Hans Essel (vl, vla), Sam Thiel (Horn), Horst Rügner (Schlagwerk)

Der Geigenton muß durch die Maschine
"Neue Musik" des experimentellen Ensembles "Saha" im Deutsch-Amerikanischen Institut

Auf dem Notenständer ist ein Vivaldi-Konzert aufgeblättert. Doch das täuscht - die Musik, die im Deutsch-Amerikanischen Institut Heidelberg aus den Lautsprechern dringt, hat weiß Gott nichts Barockes an sich. Sie ist improvisiert und frei, ohne tonale Beschränkungen und voll aufregender dynamischer Wendungen. ,, Musik für Instrumente und Maschinen" ist ihr Konzept, doch sind ihre Klänge nicht künstlich. Sie werden vielmehr rein konventionell erzeugt, mit Geige, Bratsche, Horn und Schlagwerk. Nur: bevor ein Geigenton das Ohr des Zuhörers erreicht, muß er noch eine Maschine durchlaufen. Ihre Elektronik modifiziert und moduliert, mischt hinzu und verstärkt und verfremdet bisweilen zu bizarren Klanggebilden.

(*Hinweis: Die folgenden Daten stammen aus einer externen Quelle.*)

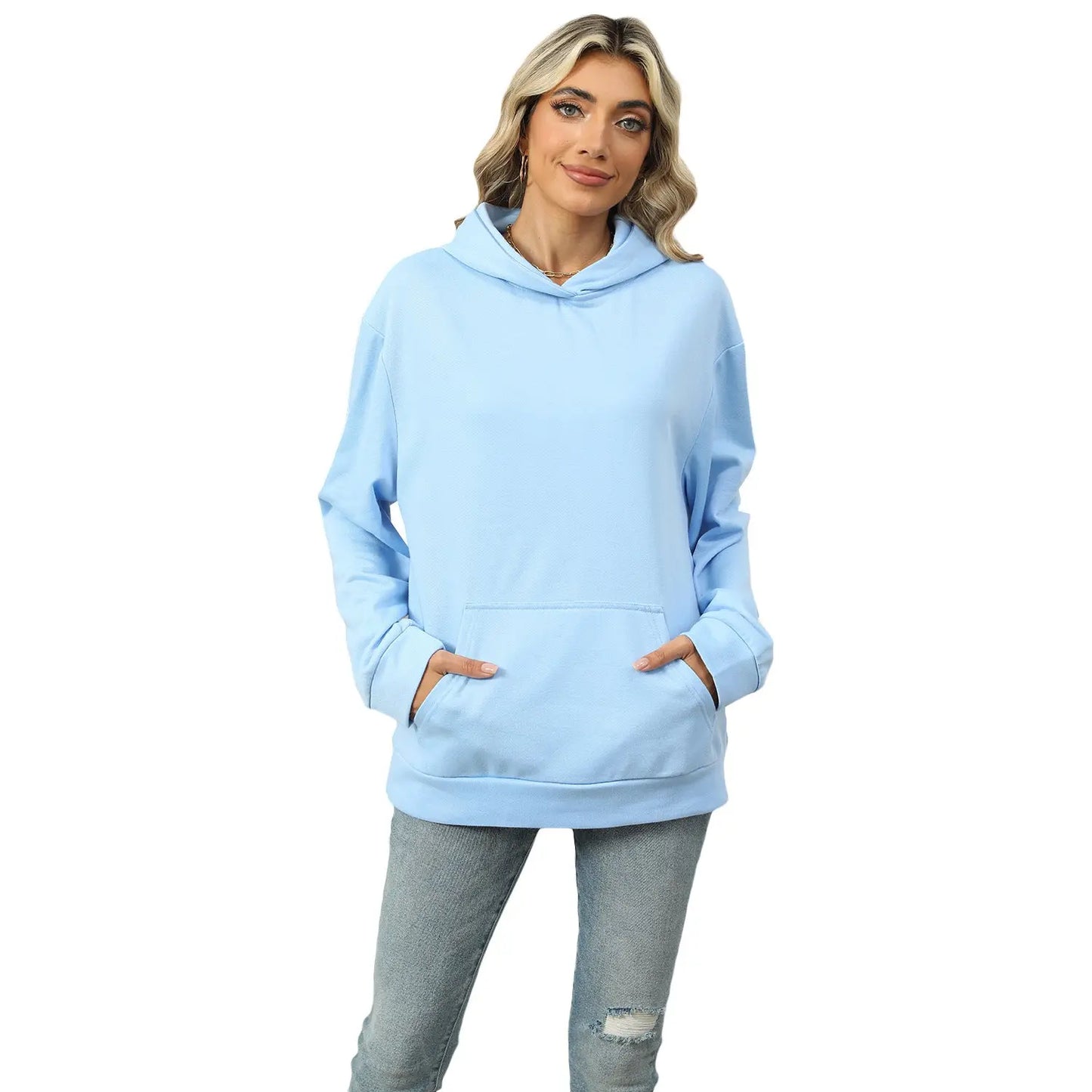 Casual Hooded Pocket Sweatshirt Women Nipaaj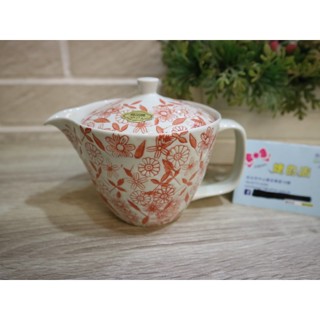 婕的店日本精品~日本帶回~有田燒新花詰ポット 赤日本製茶壺/泡茶壺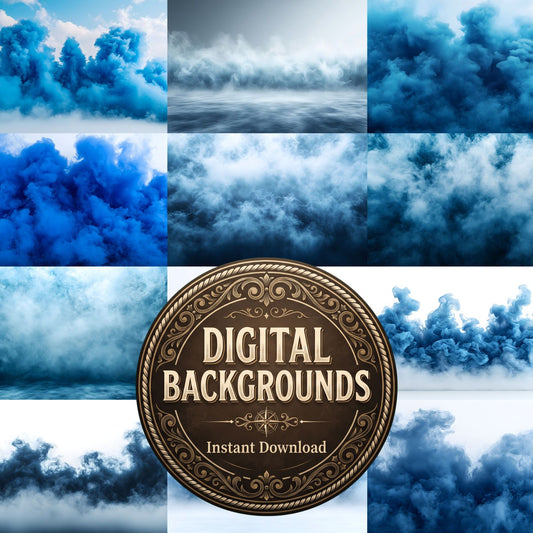 Blue Smoke Backdrop Images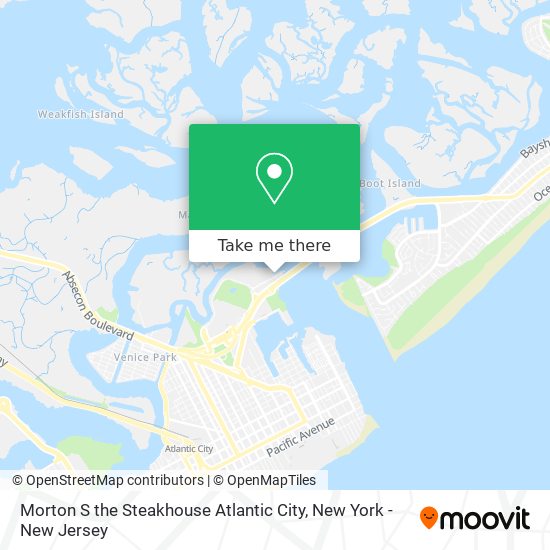 Mapa de Morton S the Steakhouse Atlantic City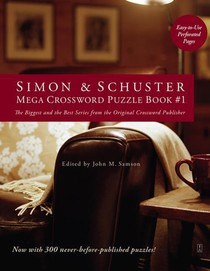 Simon & Schuster Mega Crossword Puzzle Book #1 voorzijde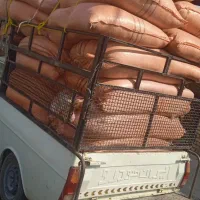 کاه درجه یک کا گندم دیم با کیفیت تحویل درب منزل|حیوانات مزرعه|شوشتر, |دیوار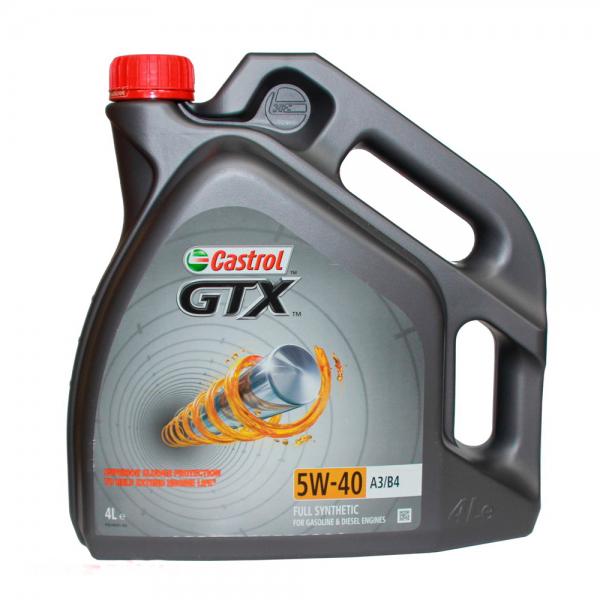 Моторное масло Castrol GTX 5W-40 A3/B4 4 л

,,Neue Musik" nennt ,,Saha", ein dreiköpfiges Ensemble, das Produkt. Saha bedeutet in Sanskrit soviel wie ,,die Welt". Es steht aber auch für Samuel und Hans. Samuel Thiel, schon lange in Deutschland lebender Amerikaner, ist Hornist und spiritus rector der Gruppe. Er genoß eine rein klassische Ausbildung, sein Werdegang führte ihn an die Pulte zahlreicher großer Orchester Europas. Hans Essel hingegen ist Kernphysiker. In der Gruppe spielt er Elektrogeige und -bratsche. Doch er kommt vom Jazz und ist somit künstlerischer Antagonist Thiels. Dritter im Bunde ist der Percussionist Horst Rügner, der von einer wahren Festung aus unter anderem Trommeln und Pauken, Tablas, Bongas, Xylophon sowie einem riesigen Gong umgeben ist. Doch diese Instrumente stehen in beruhigendem Gegensatz zu der kalt mit Signallämpchen starrenden Technik, die in Form riesiger Tonbandmaschinen und Verstärkeranlagen präsent ist.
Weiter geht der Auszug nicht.